A problem in many communities, especially non-commercial communities, is continuation and succession of the community when community leaders step down from their positions. Khana can help solve this problem by incentivising community leaders to complete a succession process before they leave, ensuring the successful handover of the community. Besides the intrinsic motivation of seeing the community continue to grow without them, community leaders can be further motivated with the tokens they have already earned. In other words, the tokens they earned will either increase or decrease in value, depending on how well the next community leader succeeds in growing the community. Therefore they essentially have a ‘stake’ in the future success of the community, even when they have stepped down from the community.
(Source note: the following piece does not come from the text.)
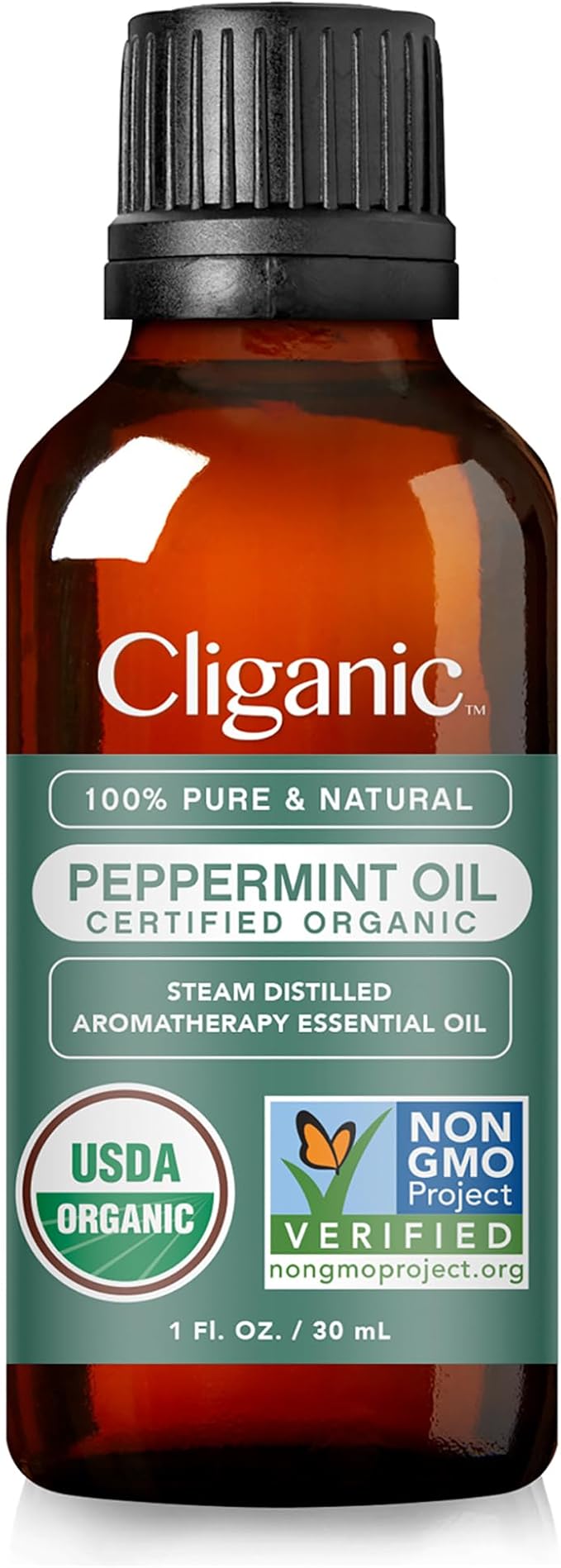 Cliganic Organic Peppermint Essential Oil, 1oz - 100% Pure Natural Undiluted, for Aromatherapy | Non-GMO Verified (Packaging May Vary)-Velvo Beauty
We experienced this when trying to scale the Creative Coffee events beyond 15 cities around the world. Initially volunteer community leaders would organise the events, however due to resource restrictions, the effort needed to organise the events, and generally life happening, the community leaders needed to step down from organising the events. We believe that if we had access to a framework such as Khana, our community leaders would have been more strongly incentivised to seek out a viable and successful succession plan and new community leaders, to ensure their communities continued to thrive on after them.

Frequently Asked Questions

We don’t want to make money from our community or involve money in any way. Can this still work for us?
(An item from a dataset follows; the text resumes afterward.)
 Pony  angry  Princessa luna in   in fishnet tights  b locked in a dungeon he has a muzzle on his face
The Khana framework is not designed to enrich community leaders. It is designed solely as a way to incentivise and award participation in communities. Community leaders can also decide to have no economic value captured in the token, to keep their community purely non-monetary. The crypto-economics still work in non-monetary situations.

Does this mean some rich person can take over the community?
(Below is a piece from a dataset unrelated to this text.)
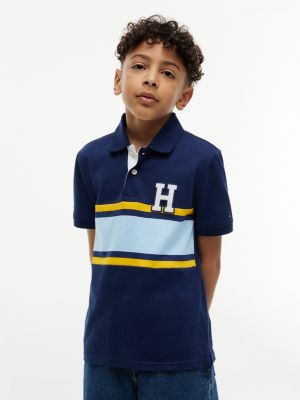 Kids' H Logo Colorblock Stretch Polo, Preppy Navy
No. There is no buying mechanism, so people cannot buy the token. They can only ‘earn’ the token by actively contributing to the community in some way. Depending on how strict the community leaders want to be, they can also disable ‘sending’ of the token to ensure that the community tokens are not sold on secondary markets.

However there may be reasons to allow secondary market activity, as it may also incentivise stronger community participation if the bonding curve is not sufficiently funded.

For details on the backing of the dynamic bonding curve, see the technical article.

When is the ICO? When moon lambo?

There is no ICO or unnecessary tokens forced into the Khana framework. All community tokens are specific to that community, with backing funds being the choice of the community (but will most likely be ETH or a stable coin). At the moment the Khana framework is an open source MVP (solidity contracts + dApp front end) with a relatively well-thought out crypto-economic design.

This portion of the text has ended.